Now here’s the thing: Monte Carlo doesn’t need to use boxes and it doesn’t need to integrate obvious shapes. Let’s talk about what you need to do to integrate non-obvious functions with one of our favorite superheroes: Batman!

To be clear: the Batman Curve was not created by me. I found it on reddit and found all the information I needed on this math stack exchange post. In addition, WolframMathWorld had a decent page with the integral on it. Because the Batman Curve is difficult to integrate (though not impossible by any means!) and it has a clear analytically-defined integral to compare our Monte Carlo integration algorithm against, it was the perfect choice to test some things out.

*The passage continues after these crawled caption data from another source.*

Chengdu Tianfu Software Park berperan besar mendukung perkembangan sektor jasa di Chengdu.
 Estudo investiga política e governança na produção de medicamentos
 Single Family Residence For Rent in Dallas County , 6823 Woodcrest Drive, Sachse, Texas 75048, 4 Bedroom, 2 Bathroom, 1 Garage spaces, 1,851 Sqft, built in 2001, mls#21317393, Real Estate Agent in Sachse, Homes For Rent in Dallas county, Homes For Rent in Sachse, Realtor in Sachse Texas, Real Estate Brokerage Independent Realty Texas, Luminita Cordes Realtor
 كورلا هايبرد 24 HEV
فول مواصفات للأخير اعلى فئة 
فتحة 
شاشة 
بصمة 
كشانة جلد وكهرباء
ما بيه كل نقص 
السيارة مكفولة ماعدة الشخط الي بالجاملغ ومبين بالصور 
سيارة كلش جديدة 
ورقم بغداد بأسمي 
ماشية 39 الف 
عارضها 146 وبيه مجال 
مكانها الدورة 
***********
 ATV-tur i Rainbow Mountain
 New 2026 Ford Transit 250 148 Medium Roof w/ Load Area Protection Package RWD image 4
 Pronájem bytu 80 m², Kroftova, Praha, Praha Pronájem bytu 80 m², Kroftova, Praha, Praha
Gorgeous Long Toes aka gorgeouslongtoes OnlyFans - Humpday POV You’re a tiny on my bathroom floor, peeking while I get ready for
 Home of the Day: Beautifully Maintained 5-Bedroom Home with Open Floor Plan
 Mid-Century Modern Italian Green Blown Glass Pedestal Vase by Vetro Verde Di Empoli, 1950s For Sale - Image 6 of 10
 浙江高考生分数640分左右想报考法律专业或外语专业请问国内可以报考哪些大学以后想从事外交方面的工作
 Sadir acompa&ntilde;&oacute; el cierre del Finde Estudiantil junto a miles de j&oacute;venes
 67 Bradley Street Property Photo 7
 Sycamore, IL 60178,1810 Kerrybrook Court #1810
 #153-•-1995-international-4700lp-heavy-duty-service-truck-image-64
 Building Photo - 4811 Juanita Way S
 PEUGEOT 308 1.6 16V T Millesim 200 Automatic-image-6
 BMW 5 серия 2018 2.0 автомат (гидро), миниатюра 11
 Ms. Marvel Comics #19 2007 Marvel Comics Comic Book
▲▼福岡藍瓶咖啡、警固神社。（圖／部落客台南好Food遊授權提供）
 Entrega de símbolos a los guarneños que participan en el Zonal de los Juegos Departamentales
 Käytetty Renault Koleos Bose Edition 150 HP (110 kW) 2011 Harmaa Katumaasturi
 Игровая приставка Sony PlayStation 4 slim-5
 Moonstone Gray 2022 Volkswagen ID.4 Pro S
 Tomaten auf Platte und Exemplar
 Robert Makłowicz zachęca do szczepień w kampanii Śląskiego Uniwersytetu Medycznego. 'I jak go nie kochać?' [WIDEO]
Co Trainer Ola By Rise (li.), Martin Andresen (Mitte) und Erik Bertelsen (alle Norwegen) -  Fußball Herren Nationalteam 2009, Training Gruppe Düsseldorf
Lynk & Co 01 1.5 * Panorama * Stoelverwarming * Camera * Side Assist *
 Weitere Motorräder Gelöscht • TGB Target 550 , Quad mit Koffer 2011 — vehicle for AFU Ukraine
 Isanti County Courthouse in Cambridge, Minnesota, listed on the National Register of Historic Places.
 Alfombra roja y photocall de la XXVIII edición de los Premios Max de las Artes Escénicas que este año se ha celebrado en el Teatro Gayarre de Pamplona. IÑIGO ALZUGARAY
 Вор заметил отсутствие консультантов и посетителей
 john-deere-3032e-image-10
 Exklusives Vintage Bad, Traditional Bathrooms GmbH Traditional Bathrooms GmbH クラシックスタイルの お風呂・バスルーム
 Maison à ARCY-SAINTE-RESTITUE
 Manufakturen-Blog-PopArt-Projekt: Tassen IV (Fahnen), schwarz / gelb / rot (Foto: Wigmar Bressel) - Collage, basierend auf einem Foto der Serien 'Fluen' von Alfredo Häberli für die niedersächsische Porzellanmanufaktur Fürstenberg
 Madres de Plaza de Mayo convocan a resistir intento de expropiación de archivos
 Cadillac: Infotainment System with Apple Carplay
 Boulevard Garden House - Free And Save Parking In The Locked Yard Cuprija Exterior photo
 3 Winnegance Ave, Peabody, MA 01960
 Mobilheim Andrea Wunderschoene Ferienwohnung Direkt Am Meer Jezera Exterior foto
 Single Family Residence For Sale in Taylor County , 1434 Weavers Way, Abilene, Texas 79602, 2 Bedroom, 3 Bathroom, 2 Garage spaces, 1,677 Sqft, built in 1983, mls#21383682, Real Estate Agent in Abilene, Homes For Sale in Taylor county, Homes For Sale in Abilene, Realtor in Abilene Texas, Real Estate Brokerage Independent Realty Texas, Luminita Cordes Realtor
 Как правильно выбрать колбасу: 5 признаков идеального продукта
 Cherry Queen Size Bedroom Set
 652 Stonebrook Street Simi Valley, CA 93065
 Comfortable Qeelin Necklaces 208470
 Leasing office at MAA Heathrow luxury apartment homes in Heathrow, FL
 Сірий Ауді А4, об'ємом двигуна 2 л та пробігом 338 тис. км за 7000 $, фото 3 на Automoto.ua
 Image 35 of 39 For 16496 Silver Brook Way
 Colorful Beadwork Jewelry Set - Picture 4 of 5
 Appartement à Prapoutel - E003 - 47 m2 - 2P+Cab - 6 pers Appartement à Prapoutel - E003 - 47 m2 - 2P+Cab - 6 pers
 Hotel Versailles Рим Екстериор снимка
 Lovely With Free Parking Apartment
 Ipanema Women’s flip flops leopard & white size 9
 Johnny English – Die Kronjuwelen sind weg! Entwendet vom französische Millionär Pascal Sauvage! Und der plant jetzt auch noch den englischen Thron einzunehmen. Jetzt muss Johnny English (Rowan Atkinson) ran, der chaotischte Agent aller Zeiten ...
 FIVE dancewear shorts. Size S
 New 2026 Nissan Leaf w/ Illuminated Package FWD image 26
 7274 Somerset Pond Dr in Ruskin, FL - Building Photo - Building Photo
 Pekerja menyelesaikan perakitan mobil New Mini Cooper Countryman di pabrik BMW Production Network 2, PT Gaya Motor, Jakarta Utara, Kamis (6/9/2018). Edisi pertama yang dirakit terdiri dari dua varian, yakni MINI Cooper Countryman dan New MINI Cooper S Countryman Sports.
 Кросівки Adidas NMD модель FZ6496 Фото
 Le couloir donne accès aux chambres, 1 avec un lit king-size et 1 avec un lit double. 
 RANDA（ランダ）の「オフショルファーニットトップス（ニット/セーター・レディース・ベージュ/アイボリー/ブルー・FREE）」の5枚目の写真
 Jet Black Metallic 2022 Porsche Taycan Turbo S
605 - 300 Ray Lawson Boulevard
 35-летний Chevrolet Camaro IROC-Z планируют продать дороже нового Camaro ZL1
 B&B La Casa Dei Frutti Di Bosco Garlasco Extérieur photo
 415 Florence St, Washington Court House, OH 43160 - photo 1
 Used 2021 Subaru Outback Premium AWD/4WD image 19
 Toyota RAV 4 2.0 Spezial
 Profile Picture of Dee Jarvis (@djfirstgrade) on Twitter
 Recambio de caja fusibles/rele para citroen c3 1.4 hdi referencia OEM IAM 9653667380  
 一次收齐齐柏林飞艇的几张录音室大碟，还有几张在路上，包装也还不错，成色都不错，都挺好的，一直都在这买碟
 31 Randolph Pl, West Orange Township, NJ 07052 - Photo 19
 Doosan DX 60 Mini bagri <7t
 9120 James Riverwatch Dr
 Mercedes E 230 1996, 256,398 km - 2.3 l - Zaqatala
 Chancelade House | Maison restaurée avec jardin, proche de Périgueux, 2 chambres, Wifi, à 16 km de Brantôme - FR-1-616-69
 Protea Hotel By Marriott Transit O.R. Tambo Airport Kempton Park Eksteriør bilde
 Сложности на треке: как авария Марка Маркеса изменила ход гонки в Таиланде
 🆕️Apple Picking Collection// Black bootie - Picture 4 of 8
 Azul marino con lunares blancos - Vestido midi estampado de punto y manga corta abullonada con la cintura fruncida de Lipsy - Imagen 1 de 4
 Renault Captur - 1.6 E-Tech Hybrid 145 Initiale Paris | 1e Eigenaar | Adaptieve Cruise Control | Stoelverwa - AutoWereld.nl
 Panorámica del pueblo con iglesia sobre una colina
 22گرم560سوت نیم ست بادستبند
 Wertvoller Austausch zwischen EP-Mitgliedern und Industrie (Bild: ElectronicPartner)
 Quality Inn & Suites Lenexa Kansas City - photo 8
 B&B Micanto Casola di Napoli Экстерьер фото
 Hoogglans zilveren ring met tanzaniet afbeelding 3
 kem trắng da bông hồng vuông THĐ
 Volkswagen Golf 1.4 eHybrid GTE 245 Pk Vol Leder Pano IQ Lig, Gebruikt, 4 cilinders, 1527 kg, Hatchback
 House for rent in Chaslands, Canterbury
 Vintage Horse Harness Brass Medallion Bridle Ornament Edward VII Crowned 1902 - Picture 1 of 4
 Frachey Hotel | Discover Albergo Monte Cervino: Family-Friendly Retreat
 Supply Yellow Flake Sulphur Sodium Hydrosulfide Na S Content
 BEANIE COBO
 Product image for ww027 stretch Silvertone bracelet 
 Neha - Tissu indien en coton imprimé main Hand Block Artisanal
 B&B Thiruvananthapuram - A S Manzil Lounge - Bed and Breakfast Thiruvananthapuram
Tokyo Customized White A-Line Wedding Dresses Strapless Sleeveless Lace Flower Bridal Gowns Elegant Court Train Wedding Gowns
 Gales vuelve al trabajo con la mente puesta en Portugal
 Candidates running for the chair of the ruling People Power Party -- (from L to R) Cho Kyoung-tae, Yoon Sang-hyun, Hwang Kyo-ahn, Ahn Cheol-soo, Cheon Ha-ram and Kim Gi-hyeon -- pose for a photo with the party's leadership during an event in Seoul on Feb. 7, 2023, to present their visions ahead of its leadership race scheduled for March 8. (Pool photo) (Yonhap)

First things first, for this integral, we were not using a standard box as described above. Instead we were using an oval. Honestly, the objects don’t matter, but I thought it was worthwhile to point out that the area of the oval is simple $\pi \times Shortest\ distance \times Longest\ distance$, so $\pi \times Radius^2$ with the shortest and longest distances to the oval from the origin as the radii.

The batman curve was a little tricky, we had to split it into the following equations (image created by Jack in the previously mentioned math stack exchange post):

Which, when plotted provide:

Then we had to write a simple function to determine if a point inside the oval was within the Batman Curve or not. To do this, we divided the curve into the following sections:

And here is a visualization of the output:

Here is the function (Nothing special, really):


// Function to check if we are in batman function for monte_carlo
bool is_batman(pos dot, pos ori, double scale){

// Determine x and y locations
double pos_x = (dot.x - ori.x) / scale;
double pos_y = (dot.y - ori.y) / scale;
double temp_x, temp_y;

// Drawing left upper wing
if (pos_x <= -3){
temp_x = (-7 * sqrt(1-((pos_y * pos_y)/9.0)));
if (pos_x >= temp_x){
return true;
}
else{
return false;
}
}

// Drawing left shoulder
if (pos_x > -3 && pos_x <= -1){
temp_x = -pos_x;
temp_y = -(2.710523708715754 + (1.5 - 0.5 * temp_x))
+1.355261854357877
*sqrt(4.0-(abs(temp_x)-1)*(abs(temp_x)-1));
if (pos_y > temp_y){
return true;
}
else{
return false;
}
}

// Drawing exterior left ear
if (pos_x > -1 && pos_x <= -0.75){
temp_y = 9.0 + 8 * pos_x;
if (pos_y > -temp_y){
return true;
}
else{
return false;
}
}

// Drawing interior left ear
if (pos_x > -0.75 && pos_x <= -0.5){
temp_y = -3 * pos_x + 0.75;
if (pos_y > -temp_y){
return true;
}
else{
return false;
}

}

if (pos_x > -.5 && pos_x <= 0.5){
temp_y = 2.25;
if (pos_y > -temp_y){
return true;
}
else{
return false;
}

}

// Drawing interior right ear
if (pos_x > 0.5 && pos_x <= 0.75){
temp_y = 3 * pos_x + 0.75;
if (pos_y > -temp_y){
return true;
}
else{
return false;
}

}

// Drawing exterior right ear
if (pos_x > 0.75 && pos_x <= 1){
temp_y = 9.0 - 8 * pos_x;
if (pos_y > -temp_y){
return true;
}
else{
return false;
}
}

// Drawing right shoulder
if (pos_x <= 3 && pos_x > 1){
temp_y = -(2.710523708715754 + (1.5 - 0.5 * pos_x))
+1.355261854357877
*sqrt(4.0-(abs(pos_x)-1)*(abs(pos_x)-1));
if (pos_y > temp_y){
return true;
}
else{
return false;
}
}

// Drawing right upper wing
if (pos_x > 3){
temp_x = (7 * sqrt(1-((pos_y * pos_y)/9.0)));
if (pos_x <= temp_x){
return true;
}
else{
return false;
}

}
}
if (pos_y >= 0){
// Drawing bottom left wing
if (pos_x <= -4.0){
temp_x = (-7 * sqrt(1-((pos_y * pos_y)/9.0)));
if (pos_x >= temp_x){
return true;
}
else{
return false;
}
}
// Drawing bottom wing
if (pos_x > -4.0 && pos_x <= 4){
//return false;
temp_y = (abs(pos_x/2)
- 0.09137221374655434 * pos_x * pos_x - 3.0)
+ sqrt(1 - (abs(abs(pos_x)-2)-1)
* (abs(abs(pos_x)-2)-1));
temp_y *= -1;
if (pos_y < temp_y){
return true;
}
else{
return false;
}
}
// Drawing bottom right wing
if (pos_x >= 4.0){
//return true;
temp_x = (7 * sqrt(1-((pos_y * pos_y)/9.0)));
if (pos_x <= temp_x){
return true;
}
else{
return false;
}
}
}

return false;

}


The full code is available here. Note that it is a little messy and long. That’s because the we used Cairo to do the visualization, which added a bunch of extra lines to the code.

Overall, this was a pretty fun side-project!